The problem is more about constrains required to scale and achieve high-availabily and low-latency, rather than a database choice. But classical DBMSes lack those constrains and you may and probably will end up with a design that just cannot be scaled without removing and redesigning a lot of things that users rely on, and also with engineers that never learned how to do that, so you may end up in an urgent need of a distributed systems specialist too. Scary. You can avoid that by using systems designed for high-availability from the very beginning, like Riak.

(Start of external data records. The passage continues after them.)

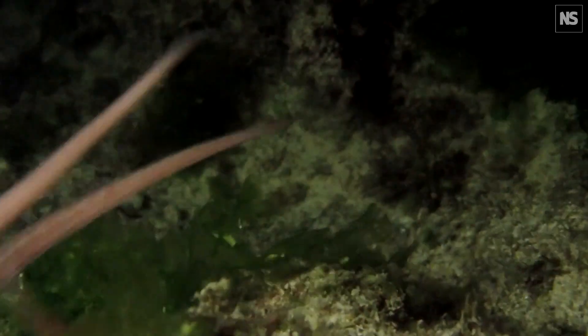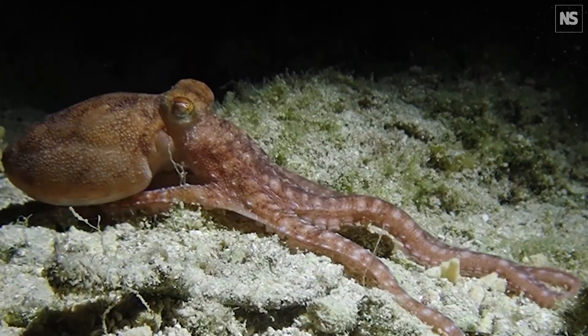All right, hold on to your hats, octopus fans — of which there are many. Octopuses are beloved. Hold on to your metaphorical hat. Anyway, the reason you're holding on is because this week we had the brilliant news that an iconic psychology experiment works with octopuses too.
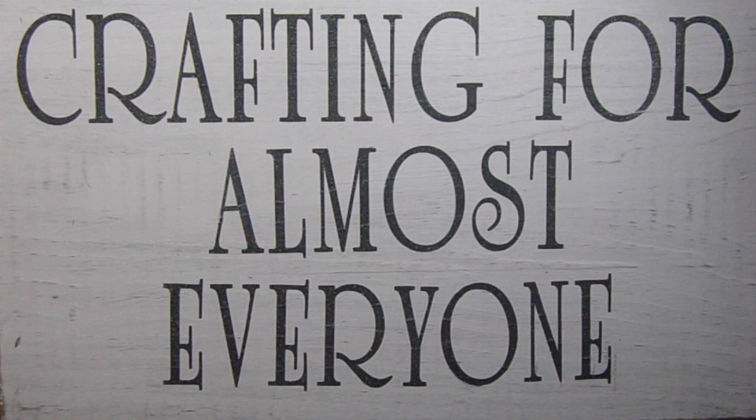Hi, it's Sandy Parker and welcome to Crafting for Almost Everyone. I talked about making an art journal out of a kid's book and I showed the kid's book in one of my haul videos. So I thought we would start on our project today. I hope you'll stay tuned.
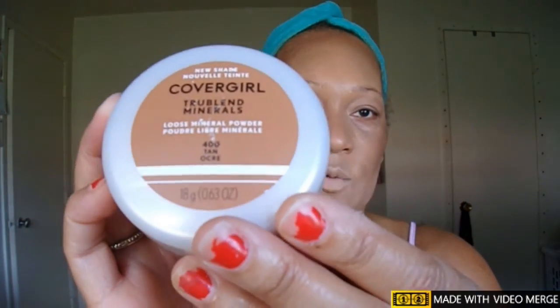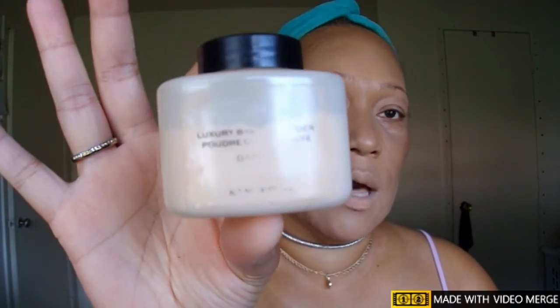Now it's time for powder products to mattify my skin and set all those creams. I have three powders: two from CoverGirl — the TrueBlend minerals in banana, which goes under my eyes to set my concealer and brighten, and shade 410 which I'll use as my contour/bronzing shade. Then I have the Makeup Revolution luxury banana powder to use all over my face since it matches my skin complexion very well.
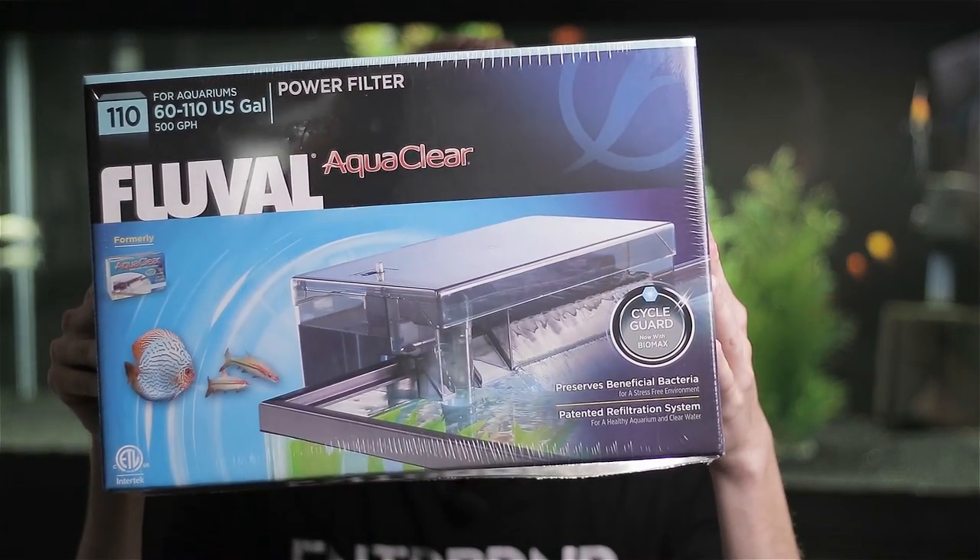What is up everyone, my name is Michael Pohl with Bay Area Aquatics, and today we're going to be unboxing and setting up this Fluval AquaClear 110.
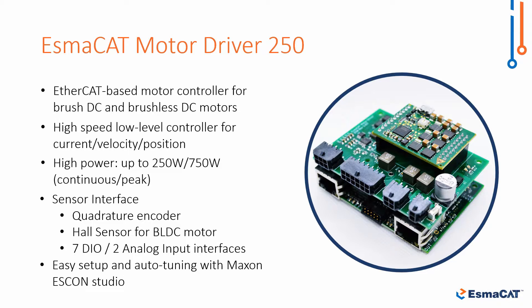The EtherCAT protocol and power over EtherCAT technology allow high-speed communication and flexible connectivity by supporting daisy chain wiring.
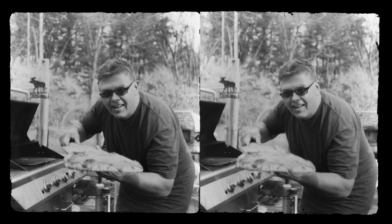And I have more 3D images than these black and white shots, so click on these videos to see some color 3D images.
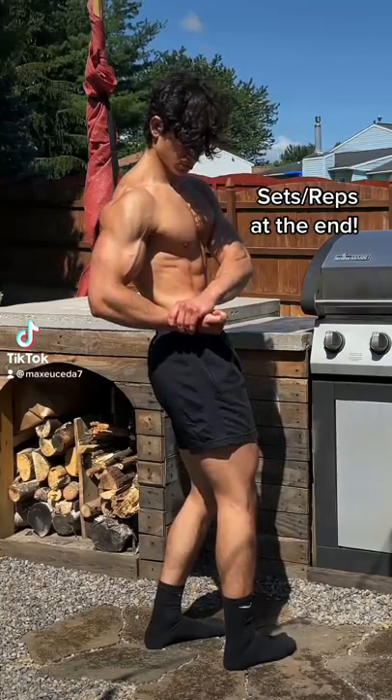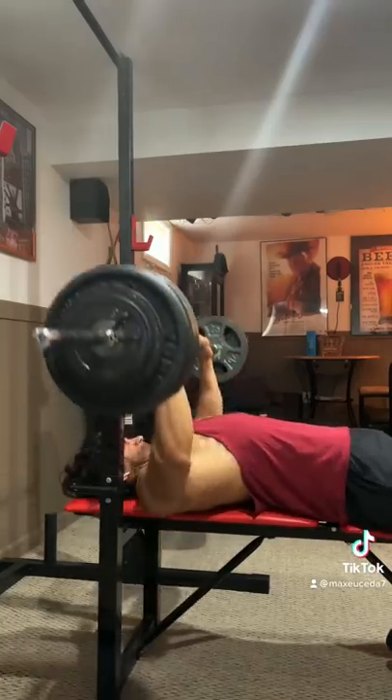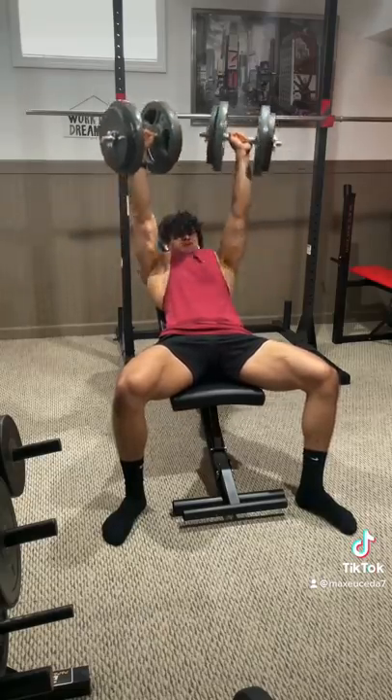Here's a full chest and tricep workout for your next push day. Starting off with 1 heavy set of bench press, then 3 sets with lighter weight, then 4 sets of incline bench press and 1 set to failure.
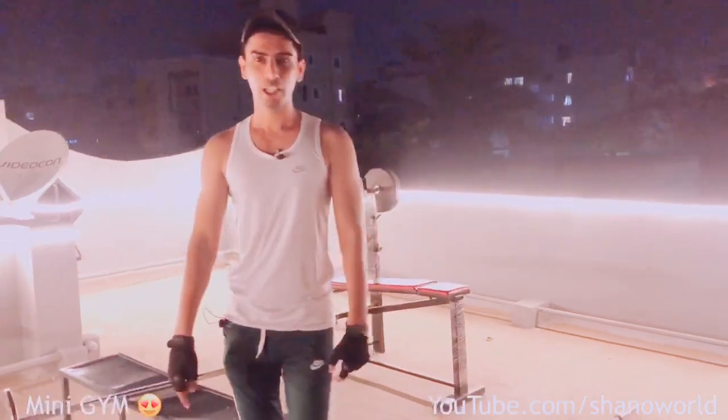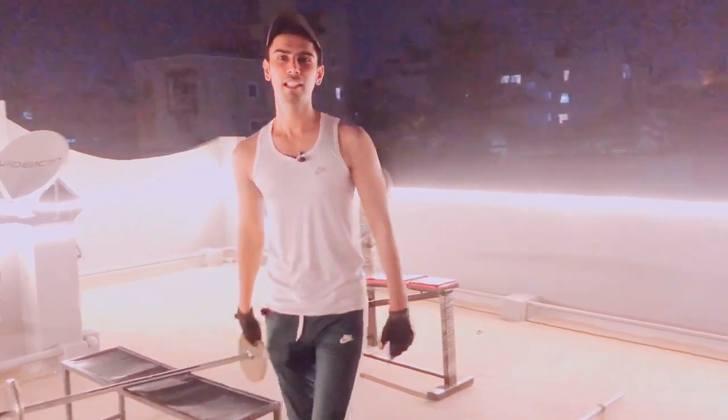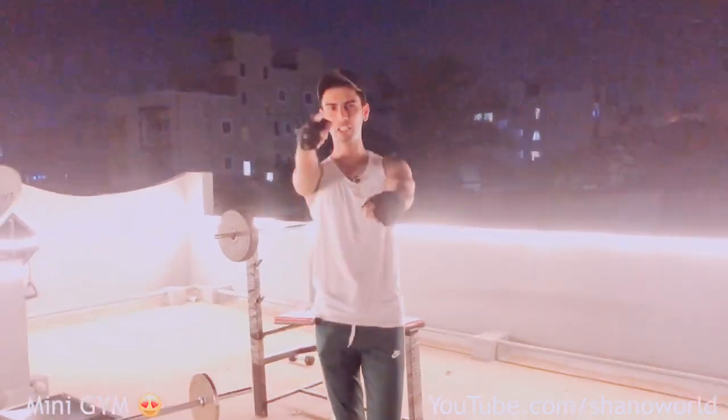So guys, comment in the comments — how do you like my mini gym? I will get some other gym items. Inshallah, I will update you in the next video. Stay tuned. Bye!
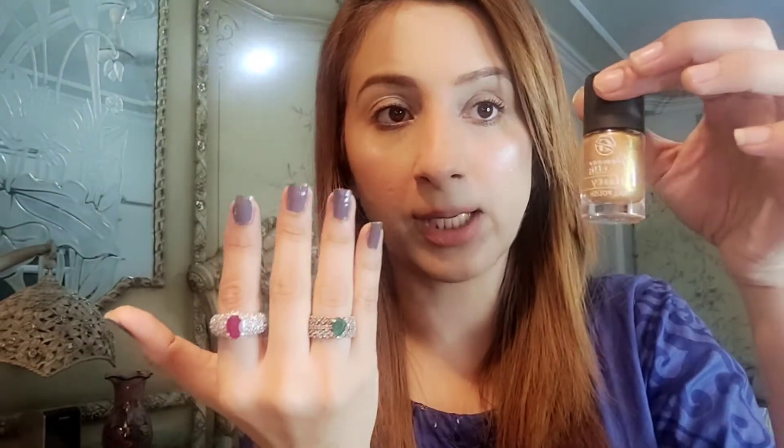Now I will show you the second color. I wanted this particular color for my Instagram video, that's why I requested it. I will remove the first color and then apply this one to show you the coverage and look. The quality is right in front of you — the fine quality and strong quality speaks for itself. A lot of quality in this one.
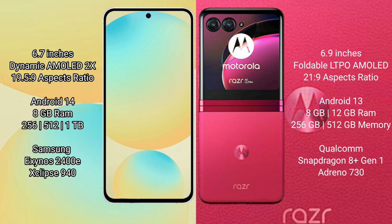Motorola RAZR 40 Ultra comes with 8GB or 12GB RAM and 256GB to 512GB internal storage, powered by the Qualcomm Snapdragon 8 Gen 1 processor, priced starting at 8GB 11730.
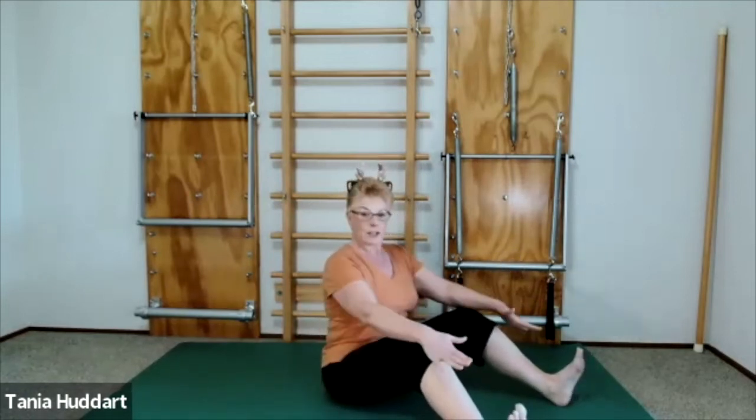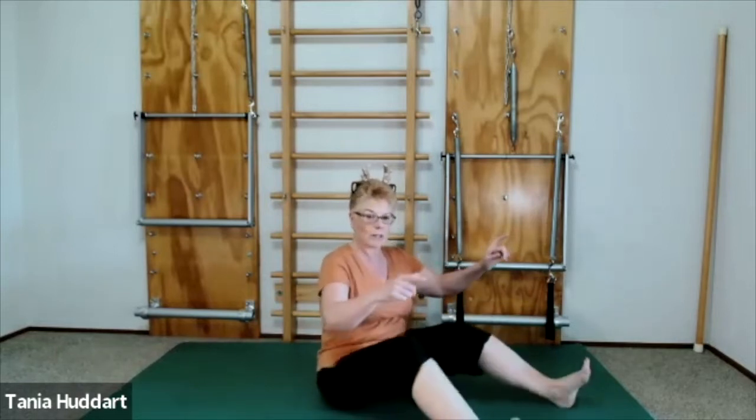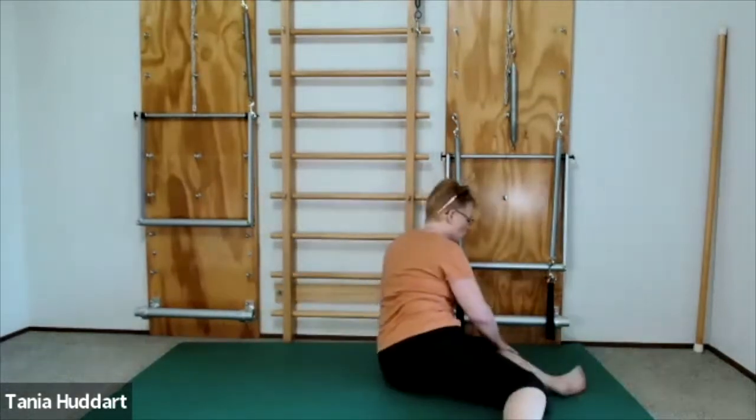If your body is feeling a little bit tight after all of that shopping, I've got just the thing for you. You're going to flex your ankles and drive your hips from your heels, letting both hips go. This is great for lower back pain too — just keep the heels where they are.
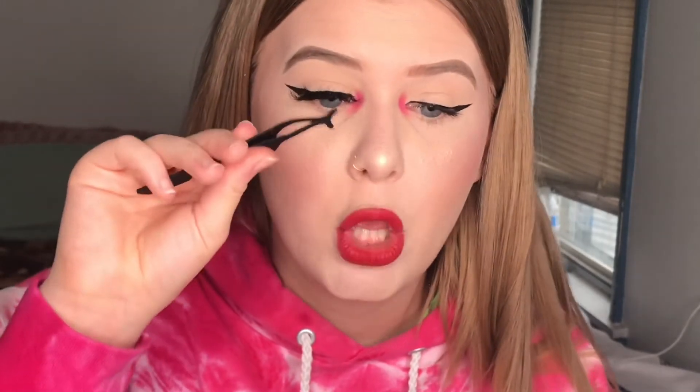Never use mascara on your falsies to blend them — you can, it does work, but it makes your falsies not last as long. And then boom, you've got your lash on. Don't feel discouraged if you don't get it on the first try — it took me a while too. Once you use your hand and can feel it with your fingertips, you'll get it on a lot quicker. Also, if they are new lashes, take them and kind of bend them to break them in.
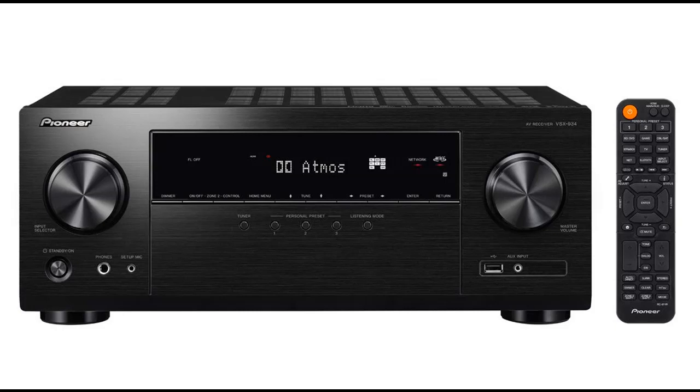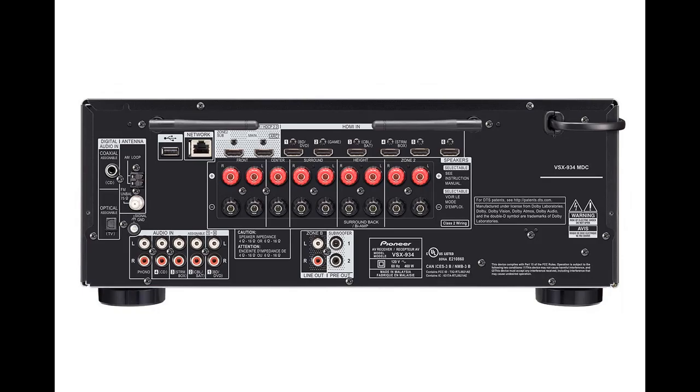Create the optimum acoustic environment with Pioneer's MCACC, Multi-Channel Acoustic Calibration System, developed with the expertise of professional recording studios. With the custom microphone, the system automatically compensates for differences in speaker size, level and distance.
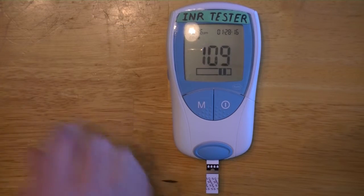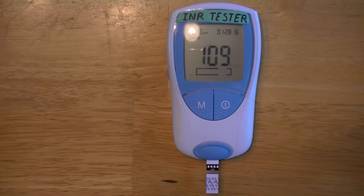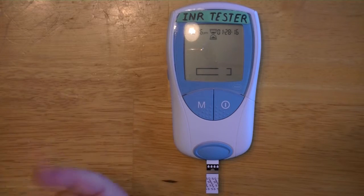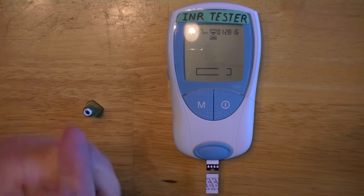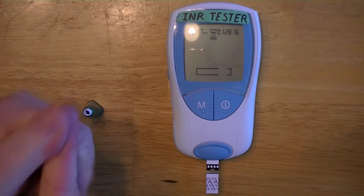You then push the button to get your machine to warm up. At this point you can take your lancet and twist off the top — if that's the one you choose to use, which I do, it's much easier for me. Then you milk the finger you're going to use until the machine gives you your countdown signal.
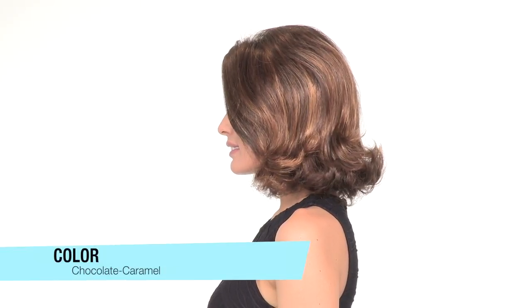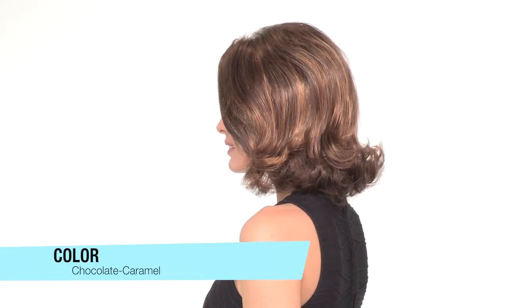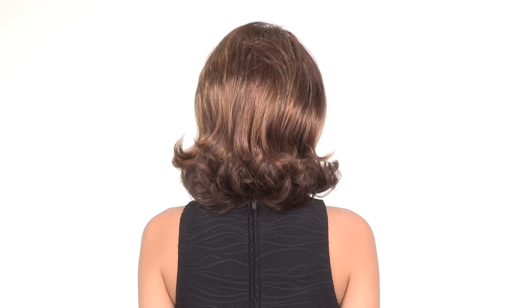The teasing at the root gives you that natural built-in volume that has that instant lift at the root. The color here is called chocolate caramel — it's a medium brown with copper and reddish blonde highlights. The flared and flipped ends are styled out of the box and ready to wear.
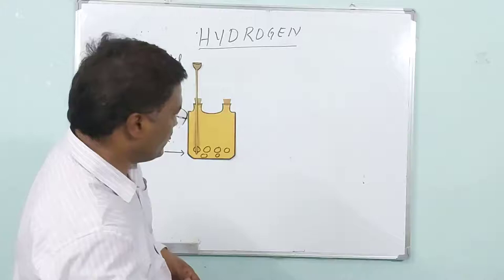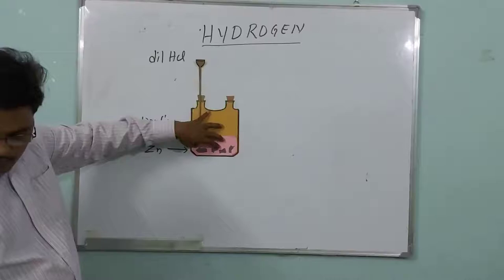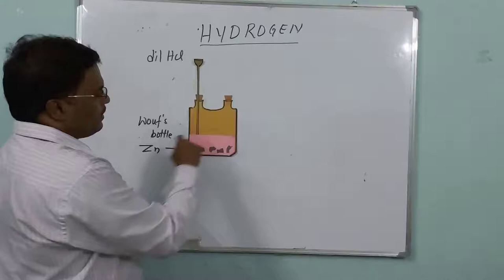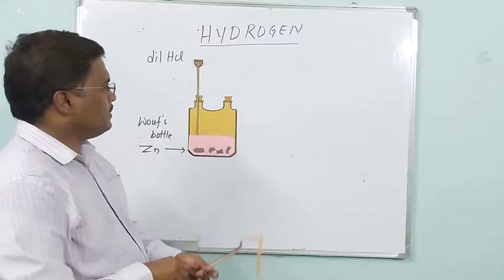Pour dilute hydrochloric acid until it dips. I have poured acid inside this. These are the zinc pieces and this pink one is the dilute hydrochloric acid.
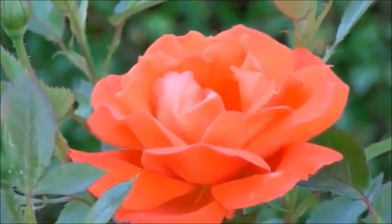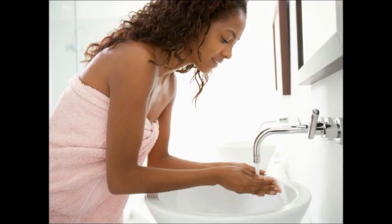Or dry them and make your own potpourri. Sounds like a rosy idea, right? Stay tuned for more Health Hacks.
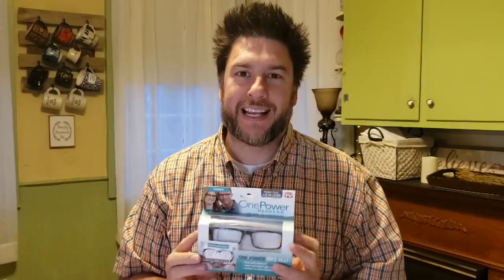Today we're gonna be looking at another as seen on TV product — this is the One Power Readers. These are reading glasses that say they can transform from as low as 0.5 all the way up to 2.5. They say these are for nearsightedness and for reading, and you definitely should not use these while driving.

Same goes for blobs and filesystems, using POSIX API instead of an object storage is going to haunt you later on, because in your designs you may end up relying on things that ultimately cannot scale well and guaranty latency, as gitlab learned the hard way.

I'd say YAGNI applies here since 95% of systems will never need to scale beyond the capabilities of a properly-configured RDBMS. Ensuring consistency and durability with a non-relational, distributed datastore generally requires a lot more detailed understanding of its internals than with a RDBMS, so choosing one of those rather than a RDBMS is going to impose costs that should be deferred until they're absolutely necessary.

Plus it's waaay more likely that bugs in application code will haunt you even more. Especially the lack of things such as foreign keys and other constraints.

Schemas can be straight jackets, but in many situations they're actually closer to life jackets.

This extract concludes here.